We import the necessary modules. We will need TensorFlow and its feature_column module. Since our dataset contains both numeric and categorical data, we need the functions to process both types of data:

In [0]:
import tensorflow as tf
from tensorflow import feature_column as fc
numeric_column = fc.numeric_column 
categorical_column_with_vocabulary_list = fc.categorical_column_with_vocabulary_list

Now, we define the feature columns we will be using to train the regressor. Our dataset, as we mentioned, consists of two features "area" a numeric value signifying the area of the house and "type" telling if it is a "bungalow" or "apartment":


In [0]:
featcols = [
tf.feature_column.numeric_column("area"),
tf.feature_column.categorical_column_with_vocabulary_list("type",["bungalow","apartment"])
]

In the next step, we define an input function to provide input for training. The function returns a tuple containing features and labels:

In [0]:
def train_input_fn():
        features = {"area":[1000,2000,4000,1000,2000,4000],
             "type":["bungalow","bungalow","house",
                     "apartment","apartment","apartment"]}
        labels = [ 500 , 1000 , 1500 , 700 , 1300 , 1900 ]
        return features, labels

Next, we use the premade LinearRegressor estimator and fit it on the training dataset:

In [0]:
model = tf.estimator.LinearRegressor(featcols)
model.train(train_input_fn, steps=200)

Now that the estimator is trained, let us see the result of the prediction:

In [9]:
def predict_input_fn():
    features = {"area":[1500,1800],
                "type":["house","apt"]}
    return features
predictions = model.predict(predict_input_fn)
print(next(predictions))
print(next(predictions))

INFO:tensorflow:Calling model_fn.
INFO:tensorflow:Done calling model_fn.
INFO:tensorflow:Graph was finalized.
INFO:tensorflow:Restoring parameters from /tmp/tmph9qu58qj/model.ckpt-200
INFO:tensorflow:Running local_init_op.
INFO:tensorflow:Done running local_init_op.
{'predictions': array([692.7829], dtype=float32)}
{'predictions': array([830.9035], dtype=float32)}


# TensorFlow estimator in a real dataset

Now that we have the basics covered, let us apply these concepts to a real dataset. We will consider the Boston housing price dataset (http://lib.stat.cmu.edu/datasets/boston) collected by Harrison and Rubinfield in 1978. The dataset contains 506 sample cases. Each house is assigned 14 attributes:


In [0]:
import tensorflow as tf
import pandas as pd
import tensorflow.feature_column as fc
from tensorflow.keras.datasets import boston_housing

Download the dataset:


In [0]:
(x_train, y_train), (x_test, y_test) = boston_housing.load_data()

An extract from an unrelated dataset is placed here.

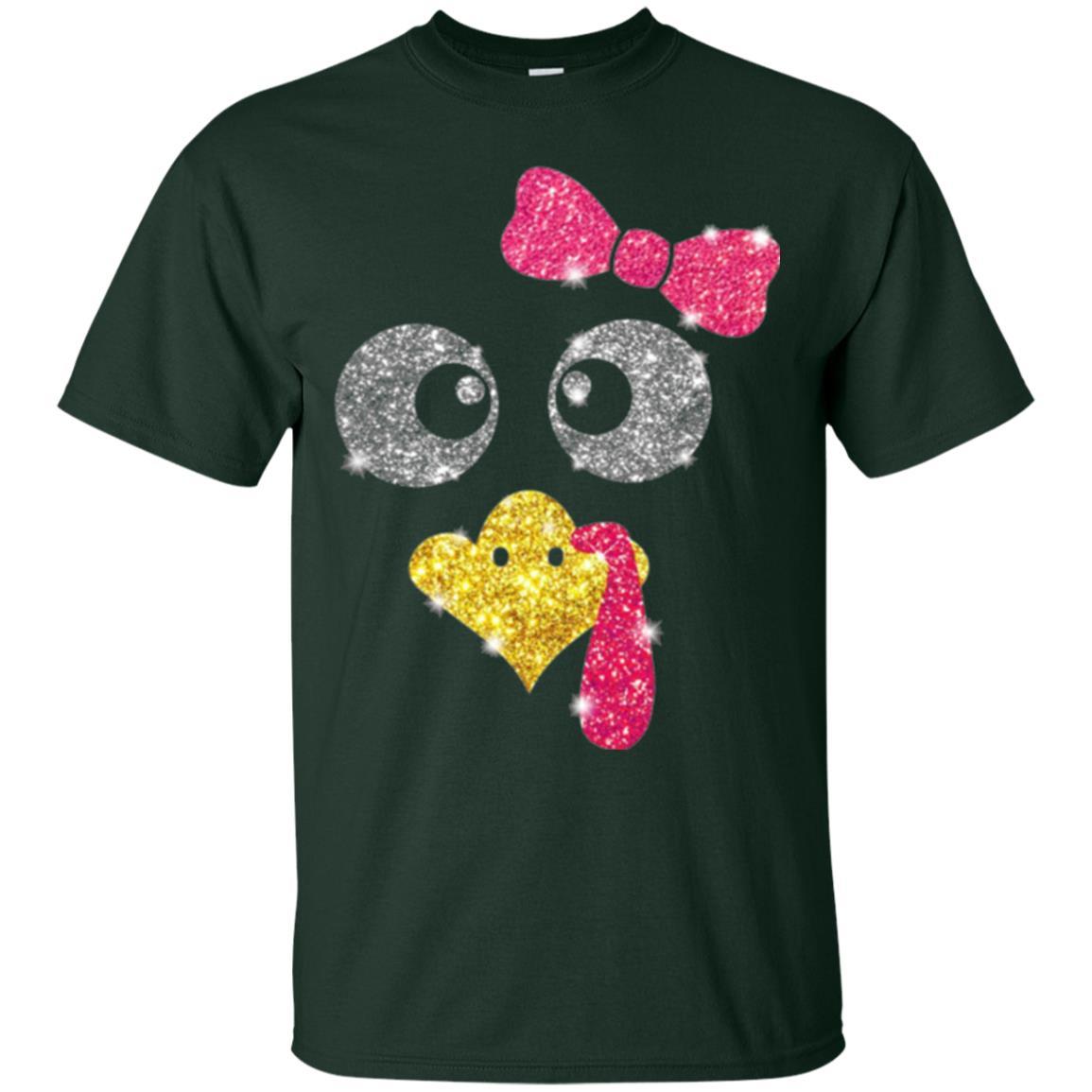 Thanksgiving T-shirt Turkey Face Girl T-shirt Forest Green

Now let us define the features in our data, and for easy processing and visualization convert it into pandas DataFrame:

In [16]:
features = ['CRIM', 'ZN', 
            'INDUS','CHAS','NOX','RM','AGE',
            'DIS', 'RAD', 'TAX', 'PTRATIO', 'B', 'LSTAT']
x_train_df = pd.DataFrame(x_train, columns= features)
x_test_df = pd.DataFrame(x_test, columns= features)
y_train_df = pd.DataFrame(y_train, columns=['MEDV'])
y_test_df = pd.DataFrame(y_test, columns=['MEDV'])
x_train_df.head()

Unnamed: 0,CRIM,ZN,INDUS,CHAS,NOX,RM,AGE,DIS,RAD,TAX,PTRATIO,B,LSTAT
0,1.23247,0.0,8.14,0.0,0.538,6.142,91.7,3.9769,4.0,307.0,21.0,396.9,18.72
1,0.02177,82.5,2.03,0.0,0.415,7.61,15.7,6.27,2.0,348.0,14.7,395.38,3.11
2,4.89822,0.0,18.1,0.0,0.631,4.97,100.0,1.3325,24.0,666.0,20.2,375.52,3.26
3,0.03961,0.0,5.19,0.0,0.515,6.037,34.5,5.9853,5.0,224.0,20.2,396.9,8.01
4,3.69311,0.0,18.1,0.0,0.713,6.376,88.4,2.5671,24.0,666.0,20.2,391.43,14.65


At present we are taking all the features; we suggest that you check the correlation among different features and the predicted label MEDV to choose the best features and repeat the experiment:

In [0]:
feature_columns = []
for feature_name in features:
        feature_columns.append(fc.numeric_column(feature_name, dtype=tf.float32))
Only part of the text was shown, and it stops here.